Shatayeva organized the Lenin Peak ascent in the summer of 1973. She chose seven other women for the team, with mountain experience ranging from five to eighteen years. Two had climbed Lenin Peak previously. The women were:
- Elvira Shatayeva of Moscow
- Nina Vasilyeva of Moscow
- Valentina Fateyeva of Moscow
- Ilsinar Mukhamedova of Dushanbe
- Tatyana Sardashove of Dushanbe
- Galina Perekhodyuk of Chelyabinsk
- Lyudmila Manzharova of Frunze
- Irina Lyubimtseva of Sverdlovsk[3]
The women began their ascent in July 1974, pitching their tents in a high valley of the Pamir Mountains, across a mountain stream from an international Alpine camp for Western climbers. The women planned to cross Lenin Peak from northeast to west. They made two training climbs to acclimate to the altitude, after which they wrote critiques of one another. Though there were initially nine hikers, one was dropped from the team when the others decided she was not prepared to make the final ascent.

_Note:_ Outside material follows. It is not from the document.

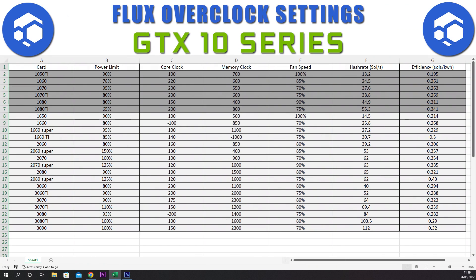The 1050 Ti obviously isn't a very powerful card and we are not expecting to get much hash rate out of it. We have a power limit of 90%, core clock of plus 100, memory clock of plus 700, and a fan speed of 100%. This gives a hash rate of 13.2 sols and an efficiency of 0.195.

On 8 August, American and Japanese climbers discovered the bodies of Shatayeva and her seven companions. Shatayeva's husband returned to the mountain with companions Serge Siroko and Valery Davidenko on 11 August, discovering the bodies two days later. The three men buried the bodies in temporary snow graves at 23,000 feet, a task which took five hours. Shatayev surmised that two of the hikers had fallen ill in a snowstorm and that the others had been unwilling to leave them. He concluded that his wife had been the last to die, as she was found at the lowest altitude.
All told, the event killed thirteen people: three Estonian hikers, Jon Gary Ullin, Eva Isenschmid, and the eight Russian women.[2]
American climber Jed Williamson said, "They weren't weak or stupid. I place no blame on them. Those conditions converged. It was the perfect storm. I have nothing but admiration. I'm just sad those conditions came together. The storm came in pretty fast and went fast. Two days later it was bluebird skies, and we were in shirtsleeves."[2]
Shatayeva's husband has speculated that his wife's decision to take a rest day on 3 August was calculated to get distance from a group of male Soviet climbers, who had positioned themselves near in case the women needed rescue. "The possibility cannot be ruled out that it was precisely for this reason that the women were dragging out the climb, trying to break loose from the guardianship," Shatayev wrote.[2]
A government inquiry found later found that the eight deaths had resulted "not from mismanagement or mistakes, but from a natural disaster."[3]